L’attuale leader dell’ANC e Presidente uscente, Cyril Ramaphosa, 66 anni, si fece le ossa durante gli anni dell’Apartheid quando capeggiò il movimento sindacale COSATU, all’interno del quale operava il combattivo NUM, l’Unione dei Minatori che diede del filo da torcere al governo di p. w. Botha. Dopo la fine della segregazione razziale, Ramaphosa, fu eletto alla presidenza della commissione che redasse la Costituzione e si dice che Nelson Mandela l’avrebbe voluto come suo successore.

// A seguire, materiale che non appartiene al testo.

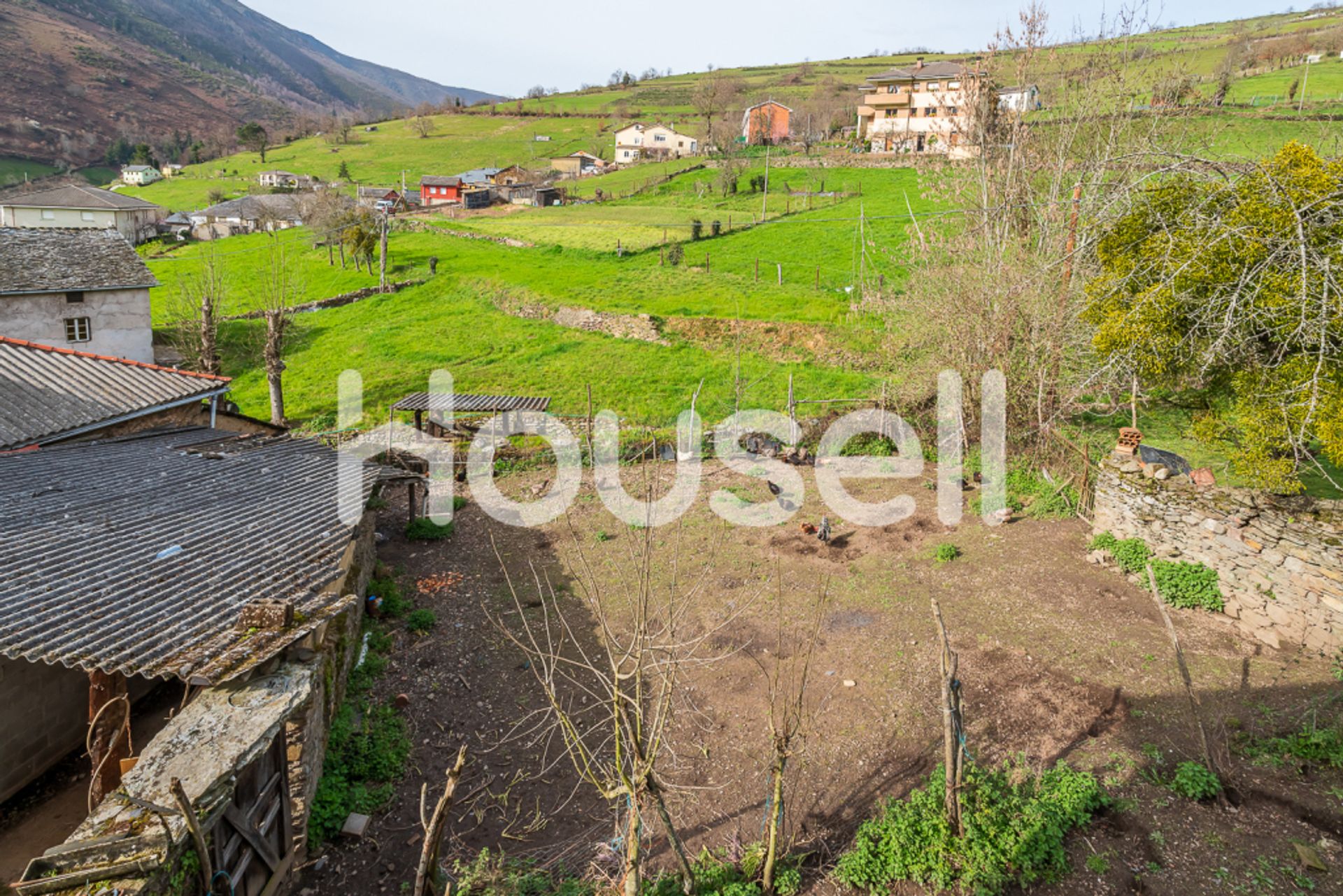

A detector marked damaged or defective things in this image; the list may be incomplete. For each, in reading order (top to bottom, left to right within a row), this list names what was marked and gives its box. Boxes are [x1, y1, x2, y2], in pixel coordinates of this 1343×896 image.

L’ANC però scelse dapprima Thabo Mbeki e poi Jacob Zuma: entrambi travolti da pesanti scandali di corruzione.
Ramaphosa nel frattempo è divenuto un ricco imprenditore ed avvocato e nel febbraio 2018 è stato eletto alla Presidenza della Repubblica per risollevare le sorti d’un paese precipitato in una spirale corruttiva inarrestabile.
Tra i primi atti della sua amministrazione vi è stato il siluramento dei vertici dell’Agenzia delle entrate e della Procura nazionale, accusati di favorire gli arricchimenti illeciti degli uomini politici.

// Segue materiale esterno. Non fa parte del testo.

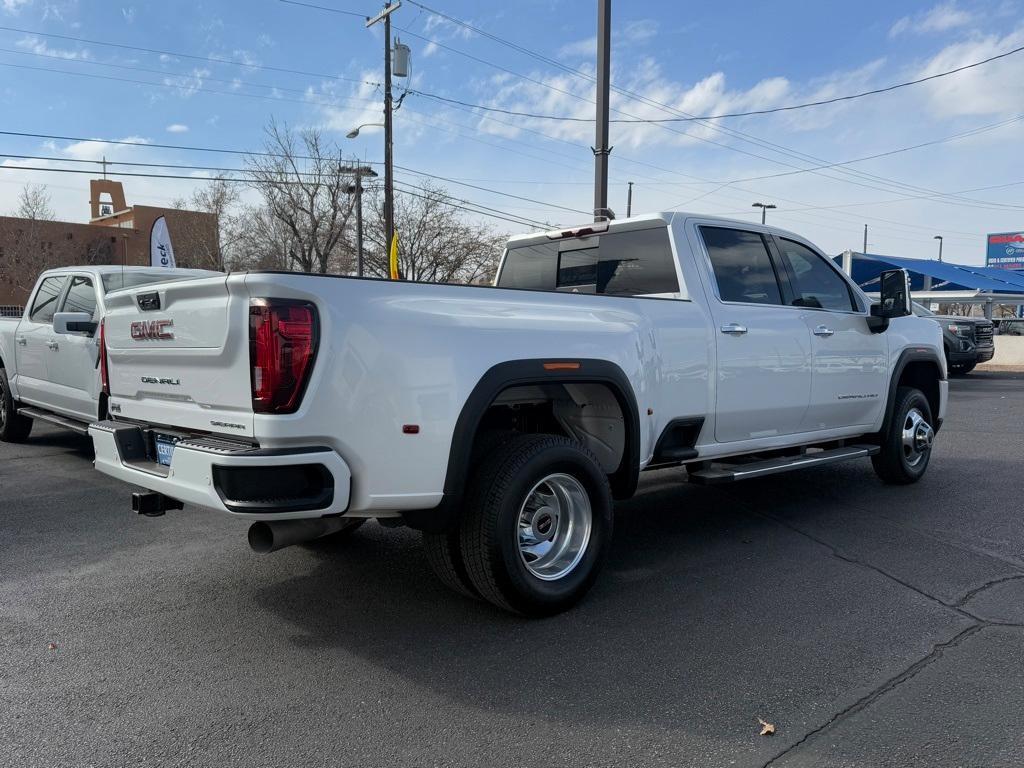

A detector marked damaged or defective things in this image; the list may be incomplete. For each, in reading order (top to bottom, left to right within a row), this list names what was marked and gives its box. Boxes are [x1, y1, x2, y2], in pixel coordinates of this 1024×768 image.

crack in asphalt [761, 626, 983, 768]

Considerato un abile negoziatore e un riformista, avrà l’arduo compito di ripulire il partito dai corrotti. Se infatti all’estero persiste l’immagine-mito dell’ANC come simbolo di un partito eroico che ha lottato contro la segregazione razziale, nel Sud Africa si sprecano ormai le accuse di corruzione contro i membri della formazione al governo ininterrottamente dal 1994. La corruzione nel Paese è endemica: l’ex presidente Zuma con le mazzette era a suo agio; il segretario generale dell’Anc, Ace Magashule, è considerato più o meno un gangster; Ramaphosa, che pure di scheletri nell’armadio ne ha, promette di raddrizzare la situazione. Pensa alle grandi aziende private e internazionali come volano per far ripartire l’economia.
Eppure c’è un’altra realtà assai significativa: l’81% degli elettori ha meno di trent’anni. Sono nati a ridosso della fine dell’Apartheid e ora pretendono un Sudafrica dove non ci siano corruzione e xenofobia.
Il «Bufalo», nomignolo che accompagna il presidente (sono una sua passione, due anni fa vendette all’asta a un milione di dollari alcuni rari esemplari che aveva comprato in Uganda), ha sempre amato le trattative ma all’occorrenza ha dimostrato di non fare prigionieri. Dopo l’incerto risultato elettorale che segna per l’appunto un crollo delle preferenze sotto la quota psicologica del 60% bisognerà vedere se sarà lui il cacciatore o la preda, ossia, fuor di metafora, se sarà lui ad eliminare i rivali o se costoro lo faranno fuori per sostituirlo con qualcun altro.